Large circular and linear rDNA plasmids in Candida albicans

Although plasmids containing rRNA genes (rDNA) are commonly found in fungi, they have not been reported in Candida. We discovered that the yeast opportunistic pathogen Candida albicans contains two types of rDNA plasmids which differ in their structure and number of rDNA repeats. A large circular plasmid of unknown size consists of multiple rDNA repeats, each of which includes an associated autonomously replicating sequence (ARS). In contrast, a linear plasmid, which is represented by a series of molecules with a spread of sizes ranging from 50-150 kbp, carries a limited number of rDNA units and associated ARSs, as well as telomeres. The number of linear plasmids per cell is growth cycle-dependent, accumulating in abundance in actively growing cells. We suggest that the total copy number of rDNA is better controlled when a portion of copies are on a linear extrachromosomal plasmid, thus allowing a rapid shift in the number of corresponding genes and, as a result, better adaptation to the environment. This is the first report of a linear rDNA plasmid in yeast, as well as of the coexistence of circular and linear plasmids. In addition, this is a first report of naturally occurring plasmids in C. albicans.

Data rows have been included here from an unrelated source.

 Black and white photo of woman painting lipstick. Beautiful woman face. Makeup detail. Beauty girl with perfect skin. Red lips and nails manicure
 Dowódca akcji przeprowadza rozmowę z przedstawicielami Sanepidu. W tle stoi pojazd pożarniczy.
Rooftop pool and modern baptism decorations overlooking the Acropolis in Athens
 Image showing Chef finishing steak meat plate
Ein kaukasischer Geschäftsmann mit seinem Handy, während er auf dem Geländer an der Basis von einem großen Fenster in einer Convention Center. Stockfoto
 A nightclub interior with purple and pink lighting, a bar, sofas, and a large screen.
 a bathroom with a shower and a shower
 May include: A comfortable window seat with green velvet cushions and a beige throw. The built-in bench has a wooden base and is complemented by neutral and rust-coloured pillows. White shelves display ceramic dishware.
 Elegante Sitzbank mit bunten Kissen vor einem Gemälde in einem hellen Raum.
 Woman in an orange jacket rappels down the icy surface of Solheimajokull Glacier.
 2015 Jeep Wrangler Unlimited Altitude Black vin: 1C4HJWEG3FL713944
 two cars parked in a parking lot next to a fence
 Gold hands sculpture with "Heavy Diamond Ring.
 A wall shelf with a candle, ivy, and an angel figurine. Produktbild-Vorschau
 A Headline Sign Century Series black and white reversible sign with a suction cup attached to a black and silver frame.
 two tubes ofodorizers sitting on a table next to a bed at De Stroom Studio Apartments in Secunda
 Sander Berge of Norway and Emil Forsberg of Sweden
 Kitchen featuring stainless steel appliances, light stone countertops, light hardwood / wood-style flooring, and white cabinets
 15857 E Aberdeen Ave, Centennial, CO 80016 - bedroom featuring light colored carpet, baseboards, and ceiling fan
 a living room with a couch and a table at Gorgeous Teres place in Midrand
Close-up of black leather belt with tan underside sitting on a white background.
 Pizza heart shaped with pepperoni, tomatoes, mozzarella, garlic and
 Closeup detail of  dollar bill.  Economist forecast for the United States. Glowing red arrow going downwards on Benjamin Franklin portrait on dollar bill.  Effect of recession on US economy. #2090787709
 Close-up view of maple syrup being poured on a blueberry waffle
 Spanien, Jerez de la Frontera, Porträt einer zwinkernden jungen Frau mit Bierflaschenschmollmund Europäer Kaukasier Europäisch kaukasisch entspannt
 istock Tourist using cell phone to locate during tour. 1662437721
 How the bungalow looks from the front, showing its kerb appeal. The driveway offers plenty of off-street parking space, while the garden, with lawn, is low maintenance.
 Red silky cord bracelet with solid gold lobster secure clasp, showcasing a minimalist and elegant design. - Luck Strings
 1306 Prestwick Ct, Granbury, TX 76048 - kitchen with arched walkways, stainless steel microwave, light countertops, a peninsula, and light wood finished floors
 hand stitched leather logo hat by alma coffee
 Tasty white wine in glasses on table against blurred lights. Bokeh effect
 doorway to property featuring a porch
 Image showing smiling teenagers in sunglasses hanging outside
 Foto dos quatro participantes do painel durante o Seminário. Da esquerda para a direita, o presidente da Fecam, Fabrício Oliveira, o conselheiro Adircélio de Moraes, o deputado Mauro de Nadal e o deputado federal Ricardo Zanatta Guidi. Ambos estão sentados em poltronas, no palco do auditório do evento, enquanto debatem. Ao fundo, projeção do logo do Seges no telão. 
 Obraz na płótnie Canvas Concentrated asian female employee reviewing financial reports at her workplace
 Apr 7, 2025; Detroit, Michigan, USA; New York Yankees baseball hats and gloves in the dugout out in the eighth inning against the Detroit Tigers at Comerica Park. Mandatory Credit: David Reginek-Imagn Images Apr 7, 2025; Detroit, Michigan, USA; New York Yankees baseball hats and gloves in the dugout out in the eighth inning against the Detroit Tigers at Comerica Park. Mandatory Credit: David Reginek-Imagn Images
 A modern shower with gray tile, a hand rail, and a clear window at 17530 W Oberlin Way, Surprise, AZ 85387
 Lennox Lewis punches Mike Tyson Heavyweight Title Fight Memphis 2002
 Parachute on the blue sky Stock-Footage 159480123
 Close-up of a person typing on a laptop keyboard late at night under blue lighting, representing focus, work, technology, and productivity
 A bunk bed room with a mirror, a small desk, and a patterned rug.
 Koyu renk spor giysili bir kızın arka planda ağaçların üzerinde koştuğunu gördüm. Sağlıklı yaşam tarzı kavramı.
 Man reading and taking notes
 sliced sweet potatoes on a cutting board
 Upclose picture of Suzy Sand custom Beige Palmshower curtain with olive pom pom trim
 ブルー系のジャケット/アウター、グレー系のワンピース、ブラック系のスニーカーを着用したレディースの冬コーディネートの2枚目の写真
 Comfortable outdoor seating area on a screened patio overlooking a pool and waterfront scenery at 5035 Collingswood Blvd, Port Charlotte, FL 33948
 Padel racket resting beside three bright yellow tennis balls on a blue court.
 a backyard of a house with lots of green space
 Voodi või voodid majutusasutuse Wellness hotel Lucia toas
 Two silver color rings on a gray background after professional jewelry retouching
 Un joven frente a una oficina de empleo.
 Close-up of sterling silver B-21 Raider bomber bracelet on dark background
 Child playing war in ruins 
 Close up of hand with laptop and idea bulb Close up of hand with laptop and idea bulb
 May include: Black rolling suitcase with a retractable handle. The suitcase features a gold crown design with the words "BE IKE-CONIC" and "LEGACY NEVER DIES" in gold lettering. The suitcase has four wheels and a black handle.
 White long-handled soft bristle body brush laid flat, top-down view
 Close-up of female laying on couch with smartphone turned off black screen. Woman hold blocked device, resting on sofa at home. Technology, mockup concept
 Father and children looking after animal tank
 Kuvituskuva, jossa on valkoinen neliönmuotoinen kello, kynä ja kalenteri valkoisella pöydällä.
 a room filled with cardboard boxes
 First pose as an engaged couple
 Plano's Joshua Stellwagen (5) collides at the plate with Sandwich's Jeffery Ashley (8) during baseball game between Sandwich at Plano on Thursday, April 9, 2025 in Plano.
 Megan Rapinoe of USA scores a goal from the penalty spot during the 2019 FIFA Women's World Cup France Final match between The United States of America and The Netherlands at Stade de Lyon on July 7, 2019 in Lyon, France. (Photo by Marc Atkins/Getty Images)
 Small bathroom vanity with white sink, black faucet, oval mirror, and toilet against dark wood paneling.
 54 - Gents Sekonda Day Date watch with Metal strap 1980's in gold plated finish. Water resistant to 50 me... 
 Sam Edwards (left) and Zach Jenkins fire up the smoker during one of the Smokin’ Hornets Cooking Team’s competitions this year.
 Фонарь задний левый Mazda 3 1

Phenotypic analysis and virulence of Candida albicans LIG4 mutants

In previous studies, we reported the isolation and preliminary characterization of a DNA ligase-encoding gene of Candida albicans. This gene (LIG4) is the structural and functional homologue of both yeast and human ligase IV, which is involved in nonhomologous end joining (NHEJ) of DNA double-strand breaks. In the present study, we have shown that there are no other LIG4 homologues in C. albicans. In order to study the function of LIG4 in morphogenesis and virulence, we constructed gene deletions. LIG4 transcript levels were reduced in the heterozygote and were completely absent in null strains. Concomitantly, the heterozygote showed a pronounced defect in myceliation, which was slightly greater in the null strain. This was true with several solid and liquid media, such as Spider medium, medium 199, and 2% glucose-1% yeast extract-2% Bacto Peptone, at several pHs. Reintroduction of the wild-type allele into the null mutant partially restored the ability of cells to form hyphae. In agreement with the positive role of LIG4 in morphogenesis, we detected a significant rise in mRNA levels during the morphological transition. LIG4 is not essential for DNA replication or for the repair of DNA damage induced by ionizing radiation or UV light, indicating that these lesions are repaired primarily by homologous recombination. However, our data show that the NHEJ apparatus of C. albicans may control morphogenesis in this diploid organism. In addition, deletion of one or both copies of LIG4 resulted in attenuation of virulence in a murine model of candidiasis.